For great examples, I suggest you to read “A Tutorial Introduction to the Lambda Calculus” by Rojas. Continue reading

BigTable Concept: Why do the World’s Smartest People Ignore Relational DBs?

In the era of the Internet, the key problem is scalability. As cloud’s popularity climbs up, we are hearing more about the constraints. So far, I only had time to play with Google’s App Engine and Microsoft’s Azure Services Platform. Cloud developers are mainly shocked by the new non-relational databases that cloud services use as the only alternative. Google calls it BigTable and Microsoft finds a new place in its own terminology dictionary for BLOB. Many start to wonder what the hype about the relational databases was over the past 30 years. Foremost, let’s clear that this is not a replacement, but a more efficient way to store data by eliminating not-that-fundamental super engineered functionality layers of the current relational database management systems. Yes, good news for people makes living by designing super large and highly normalized databases to ensure data integrity.

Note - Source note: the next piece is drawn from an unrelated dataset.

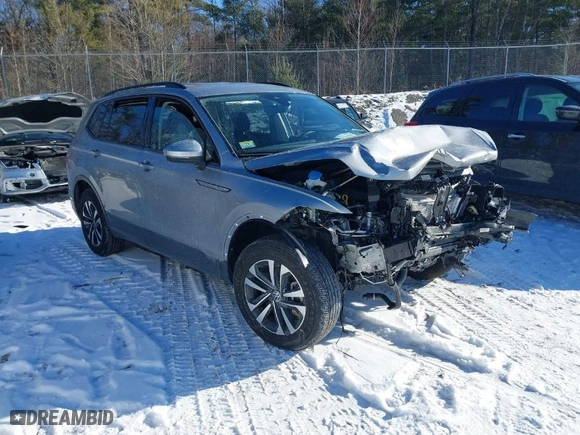 2024 Volkswagen Tiguan S with VIN 3VVFB7AX0RM185378, listed as a IAAI auction lot 41330759 with 2,534 mi miles. Bid and sale history available at carsss.com. Image 1.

On a relational database, everything is in control; you can add constrains to ensure nobody will be able to enter a duplicated row. Or in deletion, you can program DBMS to handle the useless orphan rows. But the best, a relational DBMS is going to pre-process your SQL query before executing to avoid silly performance mistakes you can make. Think of the environment now: constraints over constraints, query execution strategies, high-level of dependence and complex indexing methods. This package works great unless you want to distribute the tables to different machines. Can you image joining two tables where tables are distributed over 100.000 nodes? In a Google case, this is the everyday problem (or better, call it an every millisecond issue). Luckily, Google’s data has characteristics; according to Jeffrey Dean, they are able to manage constraints DBMSes serve to process data, on the application level. Consequently, Google keeps data in a very basic form as <key,value,timestamp> tuples.

BigTable looks like a very large B+ tree. It has 3 levels of hierarchy. All of tables are sorted and those tables are separated into pieces called tablets. First two levels are made of metadata tables to locate you to the right  tablet. Root tablet is not distributed, but with helps of prefetching and extreme caching, it is actually not the bottleneck of the system. Final level tablets points to physical files (managed by Google File System). GFS provides 3 copies for each file on the system, so no matter if a machine is going down, they still have 2 other copies somewhere else. In the 2nd figure, a row of a tablet is illustrated. com.cnn.www is the key in this case and value has three different columns: contents, anchor:cnnsi.com and anchor:my.look.ca. Notice the timestamps, these fields may contain more than one version of entry. In this case, as Google crawler finds updated content on www.cnn.com, a new layer is being added. This enables and leads BigTable to provide a three dimensional data presentation.

In the end of the day, BigTable is not rocket science. It is compact and easy to adopt. It is very straight-forward. Many friends know I came with a very similar concept while designing Rootapi two years ago, those were the times I havent heard of BigTable. Additionally I was saving values as JSON (equality operation was enough in querying) in blocks which were multiples of the sector size of my physical hard drives. IO operations were super fast, JSON based web services were super fast and it was highly distributable, although I couldn’t find a great environment to explore the severe situations deeply.

As we move on the cloud, this is the way we are going to look at data storage. If you need more technical details, I highly recommend you to take a look at the following references:

  1. BigTable: A Distributed Structured Storage System
  2. Bigtable: A Distributed Storage System for Structured Data – Original publication paper of BigTable, appeared in OSDI’06.
  3. Google File System An introduction to GFS by Aaron Kimball.